◆ **Records shown**
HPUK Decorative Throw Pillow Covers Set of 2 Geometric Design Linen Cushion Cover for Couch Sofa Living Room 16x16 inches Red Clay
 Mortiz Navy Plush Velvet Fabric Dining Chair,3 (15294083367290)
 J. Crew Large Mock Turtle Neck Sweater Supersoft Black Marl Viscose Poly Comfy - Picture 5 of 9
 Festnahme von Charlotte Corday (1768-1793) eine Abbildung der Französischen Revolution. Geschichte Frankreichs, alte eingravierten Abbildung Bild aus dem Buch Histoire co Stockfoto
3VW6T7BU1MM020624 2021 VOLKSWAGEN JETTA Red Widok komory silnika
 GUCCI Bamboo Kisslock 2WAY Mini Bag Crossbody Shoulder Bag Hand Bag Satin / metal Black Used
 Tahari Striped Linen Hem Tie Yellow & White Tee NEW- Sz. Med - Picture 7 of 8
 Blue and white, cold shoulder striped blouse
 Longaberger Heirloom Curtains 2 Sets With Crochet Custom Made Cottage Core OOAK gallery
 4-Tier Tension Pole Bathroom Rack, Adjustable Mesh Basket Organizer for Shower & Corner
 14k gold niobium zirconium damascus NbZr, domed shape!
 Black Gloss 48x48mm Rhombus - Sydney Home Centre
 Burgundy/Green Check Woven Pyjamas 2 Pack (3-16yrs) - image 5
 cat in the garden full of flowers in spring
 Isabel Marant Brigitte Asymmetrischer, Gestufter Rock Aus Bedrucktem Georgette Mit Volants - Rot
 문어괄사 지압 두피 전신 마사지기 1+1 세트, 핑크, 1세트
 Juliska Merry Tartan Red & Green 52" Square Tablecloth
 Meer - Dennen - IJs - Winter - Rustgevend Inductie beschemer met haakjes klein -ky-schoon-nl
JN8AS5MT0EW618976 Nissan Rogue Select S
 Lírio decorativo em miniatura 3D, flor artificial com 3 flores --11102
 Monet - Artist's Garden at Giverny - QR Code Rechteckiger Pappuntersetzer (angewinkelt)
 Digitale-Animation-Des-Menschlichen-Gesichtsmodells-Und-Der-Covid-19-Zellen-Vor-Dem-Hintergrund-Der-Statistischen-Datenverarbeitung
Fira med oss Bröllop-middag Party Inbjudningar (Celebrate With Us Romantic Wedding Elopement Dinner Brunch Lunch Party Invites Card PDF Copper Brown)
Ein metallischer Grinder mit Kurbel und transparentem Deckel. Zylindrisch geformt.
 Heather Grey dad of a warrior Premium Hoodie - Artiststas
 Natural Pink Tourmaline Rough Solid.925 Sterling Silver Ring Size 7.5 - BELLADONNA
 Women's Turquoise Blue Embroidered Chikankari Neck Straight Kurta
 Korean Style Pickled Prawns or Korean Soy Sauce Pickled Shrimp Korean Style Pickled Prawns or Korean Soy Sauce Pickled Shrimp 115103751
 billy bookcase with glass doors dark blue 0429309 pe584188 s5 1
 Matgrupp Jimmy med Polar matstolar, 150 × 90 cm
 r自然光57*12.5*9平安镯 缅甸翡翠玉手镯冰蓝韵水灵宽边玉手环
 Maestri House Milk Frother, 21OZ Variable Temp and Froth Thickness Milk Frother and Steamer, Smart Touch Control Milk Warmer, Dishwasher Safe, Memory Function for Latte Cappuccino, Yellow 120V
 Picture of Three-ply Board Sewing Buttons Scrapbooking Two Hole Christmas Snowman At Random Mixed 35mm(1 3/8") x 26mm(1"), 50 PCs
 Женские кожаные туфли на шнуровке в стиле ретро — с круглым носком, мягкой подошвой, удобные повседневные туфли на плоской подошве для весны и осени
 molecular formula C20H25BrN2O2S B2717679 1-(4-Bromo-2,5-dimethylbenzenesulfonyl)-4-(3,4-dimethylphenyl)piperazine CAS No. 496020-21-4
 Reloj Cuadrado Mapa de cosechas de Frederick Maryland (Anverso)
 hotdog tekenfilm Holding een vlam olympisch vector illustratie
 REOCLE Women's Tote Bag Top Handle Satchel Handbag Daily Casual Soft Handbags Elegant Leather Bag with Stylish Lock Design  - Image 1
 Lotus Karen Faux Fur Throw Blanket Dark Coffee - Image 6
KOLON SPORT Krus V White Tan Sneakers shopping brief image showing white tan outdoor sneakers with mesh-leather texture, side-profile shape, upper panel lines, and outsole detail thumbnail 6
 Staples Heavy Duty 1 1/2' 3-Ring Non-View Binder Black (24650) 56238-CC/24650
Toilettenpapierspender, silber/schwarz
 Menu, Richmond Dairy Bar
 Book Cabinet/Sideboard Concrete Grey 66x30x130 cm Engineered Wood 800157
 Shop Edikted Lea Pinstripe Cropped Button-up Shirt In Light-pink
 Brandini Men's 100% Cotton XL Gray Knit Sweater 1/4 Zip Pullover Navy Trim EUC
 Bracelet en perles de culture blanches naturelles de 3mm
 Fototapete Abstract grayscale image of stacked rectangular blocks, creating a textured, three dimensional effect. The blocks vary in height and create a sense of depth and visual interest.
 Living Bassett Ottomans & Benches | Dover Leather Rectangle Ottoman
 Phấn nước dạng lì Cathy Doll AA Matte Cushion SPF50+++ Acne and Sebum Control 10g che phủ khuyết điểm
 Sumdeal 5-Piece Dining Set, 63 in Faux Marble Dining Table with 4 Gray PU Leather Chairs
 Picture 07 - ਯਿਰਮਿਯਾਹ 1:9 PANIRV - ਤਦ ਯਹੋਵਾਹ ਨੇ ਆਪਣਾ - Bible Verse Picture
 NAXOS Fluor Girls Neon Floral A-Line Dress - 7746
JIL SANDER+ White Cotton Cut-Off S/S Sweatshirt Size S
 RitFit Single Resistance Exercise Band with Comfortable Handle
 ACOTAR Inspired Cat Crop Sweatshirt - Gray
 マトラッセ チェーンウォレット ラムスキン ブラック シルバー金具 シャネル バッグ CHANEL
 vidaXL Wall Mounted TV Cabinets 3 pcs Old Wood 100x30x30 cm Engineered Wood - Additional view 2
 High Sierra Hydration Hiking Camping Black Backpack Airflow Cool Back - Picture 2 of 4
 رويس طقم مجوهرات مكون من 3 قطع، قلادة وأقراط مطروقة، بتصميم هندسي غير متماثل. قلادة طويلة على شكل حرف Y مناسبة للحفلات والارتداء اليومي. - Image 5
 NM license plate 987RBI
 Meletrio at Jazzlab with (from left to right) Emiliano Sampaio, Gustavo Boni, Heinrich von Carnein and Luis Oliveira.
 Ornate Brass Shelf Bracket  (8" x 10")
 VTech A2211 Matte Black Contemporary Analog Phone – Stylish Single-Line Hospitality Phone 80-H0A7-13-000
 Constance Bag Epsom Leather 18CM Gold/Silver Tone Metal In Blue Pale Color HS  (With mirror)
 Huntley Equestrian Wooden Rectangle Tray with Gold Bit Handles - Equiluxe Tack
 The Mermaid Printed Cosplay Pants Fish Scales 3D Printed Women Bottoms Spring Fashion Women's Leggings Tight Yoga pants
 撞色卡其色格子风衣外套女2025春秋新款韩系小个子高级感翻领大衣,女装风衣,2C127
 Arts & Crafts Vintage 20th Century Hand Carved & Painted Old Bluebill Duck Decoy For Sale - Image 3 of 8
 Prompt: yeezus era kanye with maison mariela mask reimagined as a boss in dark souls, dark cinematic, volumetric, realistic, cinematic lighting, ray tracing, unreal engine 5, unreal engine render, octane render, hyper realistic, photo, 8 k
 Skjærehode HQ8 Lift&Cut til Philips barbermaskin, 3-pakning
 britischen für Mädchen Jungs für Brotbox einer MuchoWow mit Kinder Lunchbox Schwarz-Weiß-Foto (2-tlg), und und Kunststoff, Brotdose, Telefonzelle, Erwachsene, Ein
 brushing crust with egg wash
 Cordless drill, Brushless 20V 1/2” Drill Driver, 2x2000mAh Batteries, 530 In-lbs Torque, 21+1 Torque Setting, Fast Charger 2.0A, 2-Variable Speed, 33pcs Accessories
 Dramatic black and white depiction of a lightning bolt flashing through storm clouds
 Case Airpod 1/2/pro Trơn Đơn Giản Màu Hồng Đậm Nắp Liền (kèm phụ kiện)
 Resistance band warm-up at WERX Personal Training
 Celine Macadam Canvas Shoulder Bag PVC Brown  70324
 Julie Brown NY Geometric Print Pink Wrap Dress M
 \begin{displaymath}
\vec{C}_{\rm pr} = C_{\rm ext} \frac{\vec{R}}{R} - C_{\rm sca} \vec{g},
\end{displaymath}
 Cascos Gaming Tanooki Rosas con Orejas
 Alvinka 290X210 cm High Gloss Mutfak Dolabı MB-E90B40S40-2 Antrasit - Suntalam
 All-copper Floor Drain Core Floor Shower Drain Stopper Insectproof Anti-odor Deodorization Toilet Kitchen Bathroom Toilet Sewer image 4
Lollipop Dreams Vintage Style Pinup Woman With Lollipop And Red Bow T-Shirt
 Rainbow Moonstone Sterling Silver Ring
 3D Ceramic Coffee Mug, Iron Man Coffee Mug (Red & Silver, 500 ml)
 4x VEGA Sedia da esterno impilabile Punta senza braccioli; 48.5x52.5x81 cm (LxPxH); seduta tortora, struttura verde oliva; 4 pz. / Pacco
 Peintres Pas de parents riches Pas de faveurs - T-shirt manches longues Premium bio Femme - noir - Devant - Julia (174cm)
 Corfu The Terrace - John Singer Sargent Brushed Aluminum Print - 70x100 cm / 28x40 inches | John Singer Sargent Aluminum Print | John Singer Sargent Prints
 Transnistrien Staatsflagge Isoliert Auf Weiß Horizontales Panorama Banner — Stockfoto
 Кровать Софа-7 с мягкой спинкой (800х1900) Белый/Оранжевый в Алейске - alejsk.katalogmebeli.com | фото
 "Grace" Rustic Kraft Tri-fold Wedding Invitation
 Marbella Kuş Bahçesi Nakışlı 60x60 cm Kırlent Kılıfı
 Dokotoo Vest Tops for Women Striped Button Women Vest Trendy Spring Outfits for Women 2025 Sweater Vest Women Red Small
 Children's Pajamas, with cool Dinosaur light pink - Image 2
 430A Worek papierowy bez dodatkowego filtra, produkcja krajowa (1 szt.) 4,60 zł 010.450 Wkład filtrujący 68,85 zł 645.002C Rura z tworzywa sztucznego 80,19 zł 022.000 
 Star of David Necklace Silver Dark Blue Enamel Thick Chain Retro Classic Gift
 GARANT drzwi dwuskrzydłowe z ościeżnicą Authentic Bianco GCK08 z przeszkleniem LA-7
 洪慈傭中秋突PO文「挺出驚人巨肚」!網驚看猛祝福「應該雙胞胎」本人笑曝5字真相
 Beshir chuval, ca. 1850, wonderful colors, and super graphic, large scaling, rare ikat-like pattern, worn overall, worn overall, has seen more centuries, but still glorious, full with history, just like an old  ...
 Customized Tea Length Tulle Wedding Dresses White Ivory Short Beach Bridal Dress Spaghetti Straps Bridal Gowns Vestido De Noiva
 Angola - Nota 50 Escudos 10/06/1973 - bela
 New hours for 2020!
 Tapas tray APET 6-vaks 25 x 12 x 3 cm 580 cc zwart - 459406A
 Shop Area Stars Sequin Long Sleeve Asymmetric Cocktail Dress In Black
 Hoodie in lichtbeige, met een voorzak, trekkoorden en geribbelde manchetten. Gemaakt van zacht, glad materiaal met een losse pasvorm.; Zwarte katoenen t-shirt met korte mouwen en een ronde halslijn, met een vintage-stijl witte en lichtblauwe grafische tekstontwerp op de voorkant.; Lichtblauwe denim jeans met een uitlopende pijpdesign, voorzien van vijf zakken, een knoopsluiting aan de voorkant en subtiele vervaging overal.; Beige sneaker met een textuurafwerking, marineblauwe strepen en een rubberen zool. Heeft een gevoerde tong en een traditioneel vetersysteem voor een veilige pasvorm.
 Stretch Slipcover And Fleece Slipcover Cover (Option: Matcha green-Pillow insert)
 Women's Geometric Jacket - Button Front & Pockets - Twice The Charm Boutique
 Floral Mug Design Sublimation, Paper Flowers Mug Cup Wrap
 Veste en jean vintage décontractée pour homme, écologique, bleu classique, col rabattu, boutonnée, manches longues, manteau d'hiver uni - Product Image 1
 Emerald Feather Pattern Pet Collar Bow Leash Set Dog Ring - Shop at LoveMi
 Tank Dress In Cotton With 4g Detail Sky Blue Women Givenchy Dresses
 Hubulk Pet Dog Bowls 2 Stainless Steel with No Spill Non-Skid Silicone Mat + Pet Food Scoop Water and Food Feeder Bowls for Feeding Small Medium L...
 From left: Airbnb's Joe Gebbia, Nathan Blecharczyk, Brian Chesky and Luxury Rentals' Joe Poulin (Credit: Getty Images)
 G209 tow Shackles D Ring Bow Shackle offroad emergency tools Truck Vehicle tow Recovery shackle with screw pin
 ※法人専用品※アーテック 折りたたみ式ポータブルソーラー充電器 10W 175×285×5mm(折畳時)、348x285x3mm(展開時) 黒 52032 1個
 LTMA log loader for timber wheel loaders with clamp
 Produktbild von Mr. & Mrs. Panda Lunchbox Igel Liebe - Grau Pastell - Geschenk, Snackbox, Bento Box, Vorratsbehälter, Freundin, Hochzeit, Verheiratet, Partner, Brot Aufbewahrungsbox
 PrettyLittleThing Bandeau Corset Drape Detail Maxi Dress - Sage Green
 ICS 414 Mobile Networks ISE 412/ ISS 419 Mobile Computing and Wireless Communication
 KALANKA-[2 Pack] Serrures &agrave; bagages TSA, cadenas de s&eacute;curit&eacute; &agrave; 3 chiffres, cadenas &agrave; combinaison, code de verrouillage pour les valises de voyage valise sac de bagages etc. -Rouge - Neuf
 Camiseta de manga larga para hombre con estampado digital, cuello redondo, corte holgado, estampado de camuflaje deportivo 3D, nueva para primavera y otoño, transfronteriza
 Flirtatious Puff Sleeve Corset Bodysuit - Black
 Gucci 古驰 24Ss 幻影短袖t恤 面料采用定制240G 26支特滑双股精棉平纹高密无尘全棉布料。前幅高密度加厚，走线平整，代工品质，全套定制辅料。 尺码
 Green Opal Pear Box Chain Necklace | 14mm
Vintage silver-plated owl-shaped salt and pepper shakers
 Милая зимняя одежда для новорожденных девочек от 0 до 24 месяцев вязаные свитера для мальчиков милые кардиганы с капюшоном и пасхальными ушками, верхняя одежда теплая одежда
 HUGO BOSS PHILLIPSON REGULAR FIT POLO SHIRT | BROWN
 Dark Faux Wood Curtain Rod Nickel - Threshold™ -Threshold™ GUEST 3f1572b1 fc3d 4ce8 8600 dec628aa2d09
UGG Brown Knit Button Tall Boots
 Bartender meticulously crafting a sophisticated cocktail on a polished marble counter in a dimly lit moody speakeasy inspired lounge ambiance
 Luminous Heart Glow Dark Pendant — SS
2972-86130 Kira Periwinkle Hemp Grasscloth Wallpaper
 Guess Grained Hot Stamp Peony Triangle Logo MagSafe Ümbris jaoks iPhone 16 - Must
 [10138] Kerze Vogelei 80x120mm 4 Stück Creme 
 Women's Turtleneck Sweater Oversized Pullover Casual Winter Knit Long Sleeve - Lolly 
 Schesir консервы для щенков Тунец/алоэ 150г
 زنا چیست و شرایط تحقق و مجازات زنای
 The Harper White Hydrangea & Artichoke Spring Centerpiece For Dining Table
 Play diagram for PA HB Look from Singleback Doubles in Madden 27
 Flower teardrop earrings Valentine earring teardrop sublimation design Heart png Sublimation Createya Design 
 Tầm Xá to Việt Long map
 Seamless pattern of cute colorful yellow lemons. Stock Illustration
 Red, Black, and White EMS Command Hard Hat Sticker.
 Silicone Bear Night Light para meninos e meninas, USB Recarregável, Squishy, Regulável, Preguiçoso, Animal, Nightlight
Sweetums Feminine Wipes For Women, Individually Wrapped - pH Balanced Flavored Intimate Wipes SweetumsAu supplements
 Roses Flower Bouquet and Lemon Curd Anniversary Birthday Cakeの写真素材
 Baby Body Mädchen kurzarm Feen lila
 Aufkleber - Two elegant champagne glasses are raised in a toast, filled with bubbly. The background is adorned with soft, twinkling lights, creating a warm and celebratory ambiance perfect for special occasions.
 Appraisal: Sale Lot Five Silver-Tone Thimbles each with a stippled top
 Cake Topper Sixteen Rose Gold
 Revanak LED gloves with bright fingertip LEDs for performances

◆ **What you have to do**
In the material above, locate the line containing "The Harper White" and the line containing "Red, Black, and". Transcribe exactly those two lines and every line between them, and nothing more.

◆ **Result of this exercise**
 The Harper White Hydrangea & Artichoke Spring Centerpiece For Dining Table
 Play diagram for PA HB Look from Singleback Doubles in Madden 27
 Flower teardrop earrings Valentine earring teardrop sublimation design Heart png Sublimation Createya Design 
 Tầm Xá to Việt Long map
 Seamless pattern of cute colorful yellow lemons. Stock Illustration
 Red, Black, and White EMS Command Hard Hat Sticker.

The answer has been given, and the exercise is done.